Él la agarró por detrás y la besó en la nuca, robándole las uvas de las manos. Arrancó una y se la metió en la boca.

—Mi padre y Susana van a casarse.

—¡Bromeas! —dijo ella.

—Nos lo han dicho durante la cena.

—Bueno, eso es estupendo, ¿No te parece?

Pedro asintió y la abrazó.

—¿Dónde van a vivir?

—Piensan construirse una casa en algún lugar de por aquí, si encuentran algo que les guste.

 —¿La construirás tú?

—Les he dicho que al menos se la diseñaré.

—Es maravilloso, Pedro. ¿Han puesto fecha para la boda?

—No, pero quieren casarse en los próximos meses. Ninguno encuentra motivos para esperar —metió la mano por debajo de la tela del batín y le acarició el vientre.

Ella lo detuvo antes de que pudiera llegar a un lugar más interesante y se volvió para rodearle el cuello con los brazos.

—Puedo asegurarte que en Weaver se han celebrado bodas estupendas. Estoy segura de que la de Susana y tu padre será una de ésas. Ojalá pudiera estar para verla.

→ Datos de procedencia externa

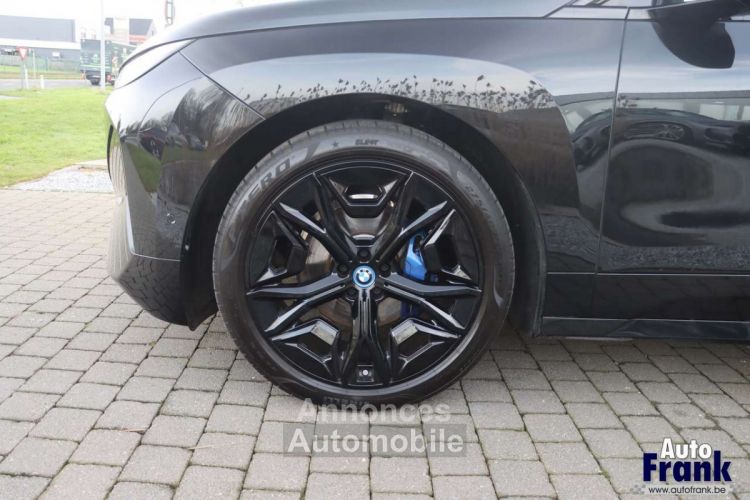 BMW iX 40 M-SPORT VENT+VERW STL +SET WINTR 360CAM - <small></small> 63.950 € <small>TTC</small> - #4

Pero no estaría. Porque después del Día del Trabajo regresaría a Nueva York. Para trabajar en el mismo sitio donde trabajaba su ex novio. No había motivos para que sintiera amargura, pero así era. De pronto, Pedro sintió la necesidad de dejar su huella sobre ella, de asegurarse de que cuando se marchara recordara lo que había dejado atrás.  Le quitó el batín y la tomó en brazos, presionándola contra la pared antes de besarla.

 —Pedro… —susurró ella.

Sí. Deseaba oírla pronunciar su nombre. Sólo su nombre. Y si eso lo convertía en el canalla que sabía que podía ser, no le importaba. Le cubrió los senos con las manos y le acarició los pezones turgentes con el pulgar. Después, se los cubrió con la boca y succionó hasta volverla loca. Entonces, se quitó los vaqueros y la poseyó allí mismo, contra la pared de la cocina.  Pero si pensaba que ella iba a resistirse, se equivocaba. Cuando estaba a punto de perder el control, ella lo miró a los ojos y dijo:

—Sí. No pares.

Él no habría podido parar aunque hubiese querido. Pero no quería.  Paula separó los labios y pestañeó. Agarró los hombros de Pedro con fuerza y continuó moviéndose hasta que gritó su nombre y ambos disfrutaron de un intenso placer. Más tarde, cuando por fin llegaron a la cama de Paula, ella se acurrucó contra su cuerpo y se quedó dormida. Pedro permaneció mirando el techo, agotado. Y asustado. No sólo porque no sabía quién era el que había terminado marcado. Sino porque una vez más era él a quien iban a abandonar.